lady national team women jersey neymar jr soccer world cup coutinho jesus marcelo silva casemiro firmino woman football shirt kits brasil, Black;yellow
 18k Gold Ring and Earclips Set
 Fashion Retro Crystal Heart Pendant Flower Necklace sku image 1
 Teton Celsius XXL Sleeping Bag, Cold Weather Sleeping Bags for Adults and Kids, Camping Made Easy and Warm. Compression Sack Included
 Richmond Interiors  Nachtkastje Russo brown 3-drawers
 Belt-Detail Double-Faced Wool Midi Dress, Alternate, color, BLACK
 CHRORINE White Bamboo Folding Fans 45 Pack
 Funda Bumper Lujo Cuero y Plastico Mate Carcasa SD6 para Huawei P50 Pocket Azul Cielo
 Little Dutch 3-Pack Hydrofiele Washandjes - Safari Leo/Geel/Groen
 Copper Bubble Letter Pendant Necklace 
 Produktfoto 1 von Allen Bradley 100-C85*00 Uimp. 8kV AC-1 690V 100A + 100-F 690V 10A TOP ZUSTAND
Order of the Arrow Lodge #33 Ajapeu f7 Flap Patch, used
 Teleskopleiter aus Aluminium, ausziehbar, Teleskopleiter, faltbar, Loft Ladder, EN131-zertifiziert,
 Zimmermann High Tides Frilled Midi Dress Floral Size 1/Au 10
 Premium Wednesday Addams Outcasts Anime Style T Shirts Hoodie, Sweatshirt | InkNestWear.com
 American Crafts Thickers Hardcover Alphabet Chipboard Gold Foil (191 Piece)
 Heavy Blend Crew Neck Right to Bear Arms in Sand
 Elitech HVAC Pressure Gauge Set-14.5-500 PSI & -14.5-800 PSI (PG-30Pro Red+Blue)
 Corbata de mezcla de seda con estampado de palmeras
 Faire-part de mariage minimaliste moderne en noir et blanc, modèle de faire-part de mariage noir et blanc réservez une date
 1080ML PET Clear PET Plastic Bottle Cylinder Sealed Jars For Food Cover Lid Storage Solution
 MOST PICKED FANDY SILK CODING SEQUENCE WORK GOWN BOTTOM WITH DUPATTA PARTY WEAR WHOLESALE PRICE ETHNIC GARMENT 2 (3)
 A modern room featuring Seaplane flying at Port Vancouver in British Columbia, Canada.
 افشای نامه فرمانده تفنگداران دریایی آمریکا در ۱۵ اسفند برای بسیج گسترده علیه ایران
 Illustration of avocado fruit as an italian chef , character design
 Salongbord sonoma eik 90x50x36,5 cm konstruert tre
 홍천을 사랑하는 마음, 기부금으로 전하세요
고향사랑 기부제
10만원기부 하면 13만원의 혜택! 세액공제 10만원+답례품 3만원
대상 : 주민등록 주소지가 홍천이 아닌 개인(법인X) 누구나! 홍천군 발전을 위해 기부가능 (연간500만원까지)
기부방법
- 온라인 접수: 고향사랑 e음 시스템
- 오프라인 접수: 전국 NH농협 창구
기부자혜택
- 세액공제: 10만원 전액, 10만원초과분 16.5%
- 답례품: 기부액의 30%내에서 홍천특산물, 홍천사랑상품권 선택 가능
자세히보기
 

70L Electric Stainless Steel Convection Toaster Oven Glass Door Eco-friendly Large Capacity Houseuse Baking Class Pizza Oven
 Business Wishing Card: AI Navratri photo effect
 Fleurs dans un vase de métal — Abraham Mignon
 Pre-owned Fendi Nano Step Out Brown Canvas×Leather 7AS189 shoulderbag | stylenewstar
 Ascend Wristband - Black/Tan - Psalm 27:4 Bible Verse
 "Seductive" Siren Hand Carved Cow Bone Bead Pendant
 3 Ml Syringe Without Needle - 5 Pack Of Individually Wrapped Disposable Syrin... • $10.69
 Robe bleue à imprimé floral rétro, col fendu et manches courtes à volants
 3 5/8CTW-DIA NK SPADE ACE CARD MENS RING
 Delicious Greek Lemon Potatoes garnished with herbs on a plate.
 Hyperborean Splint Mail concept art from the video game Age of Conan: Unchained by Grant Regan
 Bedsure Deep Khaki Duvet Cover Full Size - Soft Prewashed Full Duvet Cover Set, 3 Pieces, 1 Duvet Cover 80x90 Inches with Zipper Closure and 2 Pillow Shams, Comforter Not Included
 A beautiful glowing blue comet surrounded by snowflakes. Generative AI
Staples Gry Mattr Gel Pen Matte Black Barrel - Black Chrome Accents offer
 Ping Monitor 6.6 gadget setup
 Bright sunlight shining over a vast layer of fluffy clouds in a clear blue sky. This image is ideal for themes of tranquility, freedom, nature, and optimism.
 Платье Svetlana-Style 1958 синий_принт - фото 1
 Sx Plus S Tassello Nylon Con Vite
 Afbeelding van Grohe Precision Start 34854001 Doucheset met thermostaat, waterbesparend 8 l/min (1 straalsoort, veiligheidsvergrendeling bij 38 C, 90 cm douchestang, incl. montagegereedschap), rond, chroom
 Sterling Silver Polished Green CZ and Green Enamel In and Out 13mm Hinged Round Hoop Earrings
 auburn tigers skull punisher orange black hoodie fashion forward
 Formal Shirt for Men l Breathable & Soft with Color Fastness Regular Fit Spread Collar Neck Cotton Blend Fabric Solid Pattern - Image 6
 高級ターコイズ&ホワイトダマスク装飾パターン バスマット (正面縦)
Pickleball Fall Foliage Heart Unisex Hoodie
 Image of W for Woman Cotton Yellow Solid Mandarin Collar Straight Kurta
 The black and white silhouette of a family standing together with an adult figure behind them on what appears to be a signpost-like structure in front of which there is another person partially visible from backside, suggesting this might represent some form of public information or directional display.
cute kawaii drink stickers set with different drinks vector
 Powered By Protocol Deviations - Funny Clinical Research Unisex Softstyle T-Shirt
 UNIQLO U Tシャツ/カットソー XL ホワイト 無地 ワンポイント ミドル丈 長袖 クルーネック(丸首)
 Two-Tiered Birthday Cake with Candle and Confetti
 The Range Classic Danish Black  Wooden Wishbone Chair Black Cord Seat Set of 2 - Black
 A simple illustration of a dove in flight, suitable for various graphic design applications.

[Task directions]
Copy the lines of the data above exactly as written, beginning with the line containing "Fleurs dans un" and ending with the line containing "Hyperborean Splint Mail", and leave out all other lines.

[The completed task]
 Fleurs dans un vase de métal — Abraham Mignon
 Pre-owned Fendi Nano Step Out Brown Canvas×Leather 7AS189 shoulderbag | stylenewstar
 Ascend Wristband - Black/Tan - Psalm 27:4 Bible Verse
 "Seductive" Siren Hand Carved Cow Bone Bead Pendant
 3 Ml Syringe Without Needle - 5 Pack Of Individually Wrapped Disposable Syrin... • $10.69
 Robe bleue à imprimé floral rétro, col fendu et manches courtes à volants
 3 5/8CTW-DIA NK SPADE ACE CARD MENS RING
 Delicious Greek Lemon Potatoes garnished with herbs on a plate.
 Hyperborean Splint Mail concept art from the video game Age of Conan: Unchained by Grant Regan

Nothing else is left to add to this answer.